-- Opening Marker --
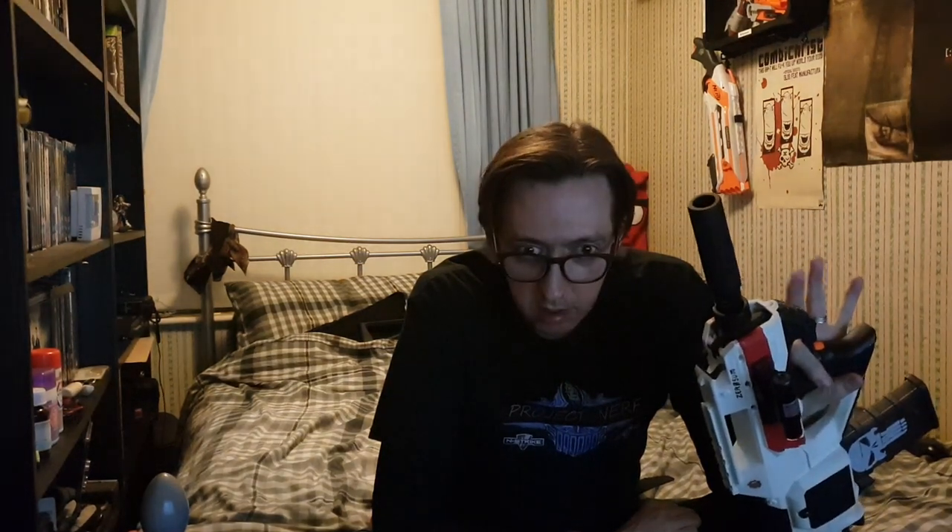One weird thing I found out is if you pull the trigger before you pull the rev trigger, it automatically starts the flywheels — shouldn't have done that, but still. It's got a standard tack rail on top, which I painted the tack rail nubbin thing black. Underneath the laser sight it's a white one on a black rail.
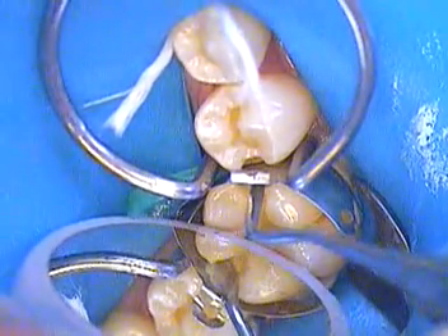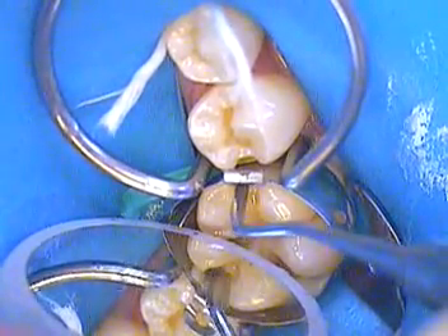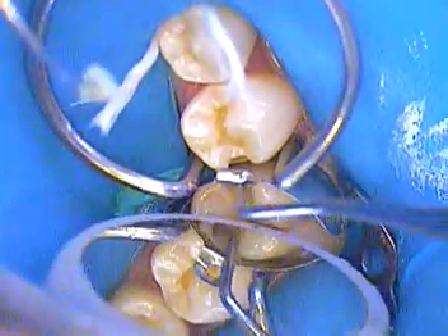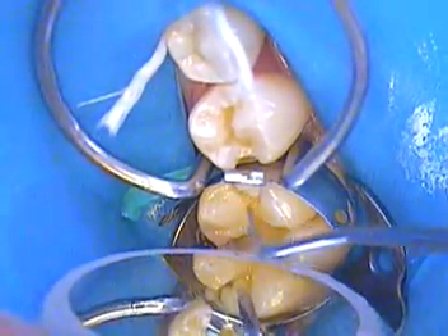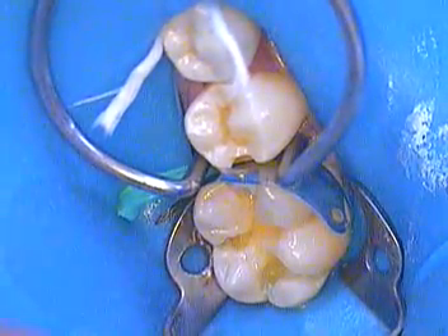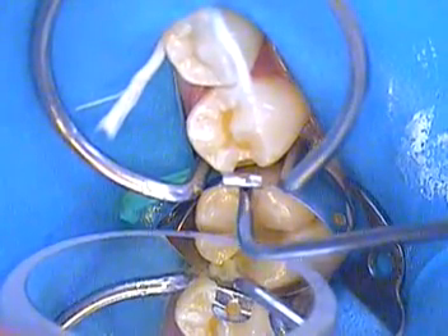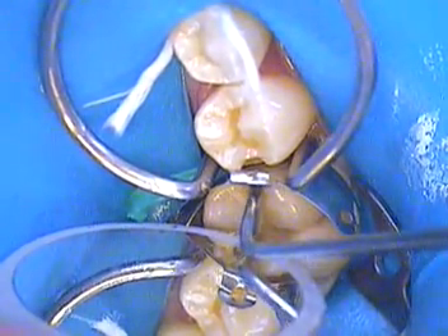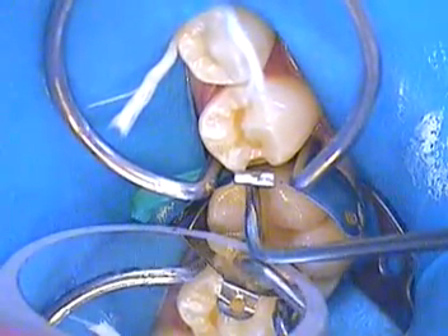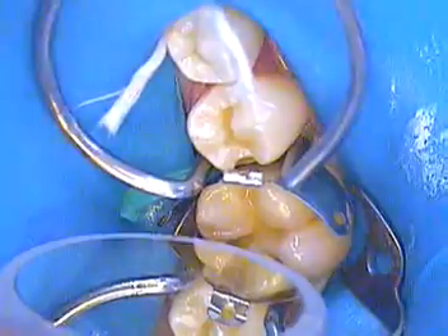Now we can condense that down in there with a condenser. A lot of these instruments we modify — we make them a lot smaller because they don't fit. We've got to make them smaller; we're being more conservative. Then we're building up, trying to build up the mesial marginal ridge here.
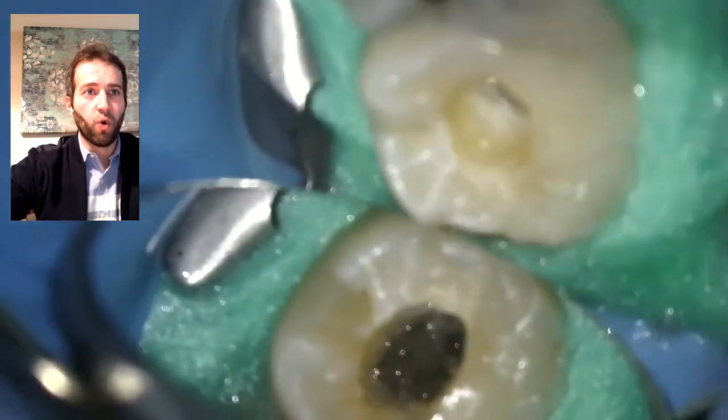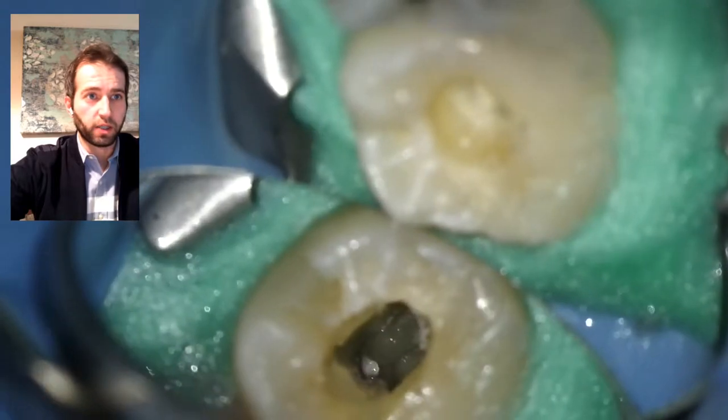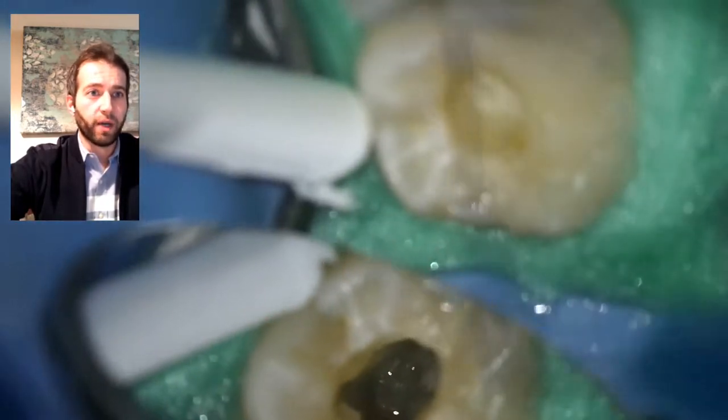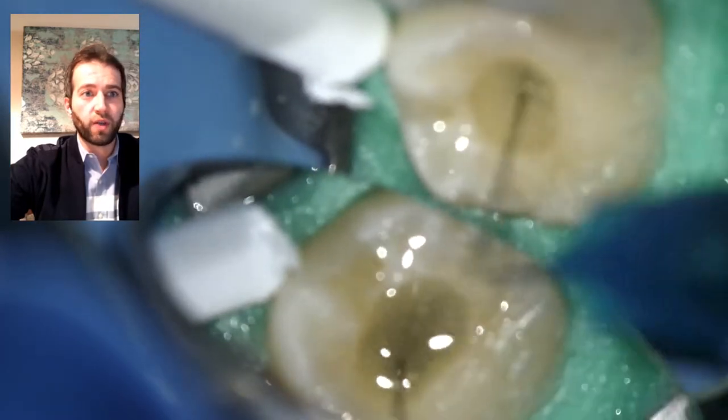Then you just take your sponge out in one pull instead of getting it shredded into pieces. This is another good indication — looking at the calcium hydroxide. The calcium hydroxide was nice and white, which tells you that there's no drainage.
-- Closing Marker --
### Aim of the task
All that is wanted is the lines from the one holding "Now we can condense" through the end of the material, duplicated exactly, with no pictures.

### Your solution
Now we can condense that down in there with a condenser. A lot of these instruments we modify — we make them a lot smaller because they don't fit. We've got to make them smaller; we're being more conservative. Then we're building up, trying to build up the mesial marginal ridge here.
Then you just take your sponge out in one pull instead of getting it shredded into pieces. This is another good indication — looking at the calcium hydroxide. The calcium hydroxide was nice and white, which tells you that there's no drainage.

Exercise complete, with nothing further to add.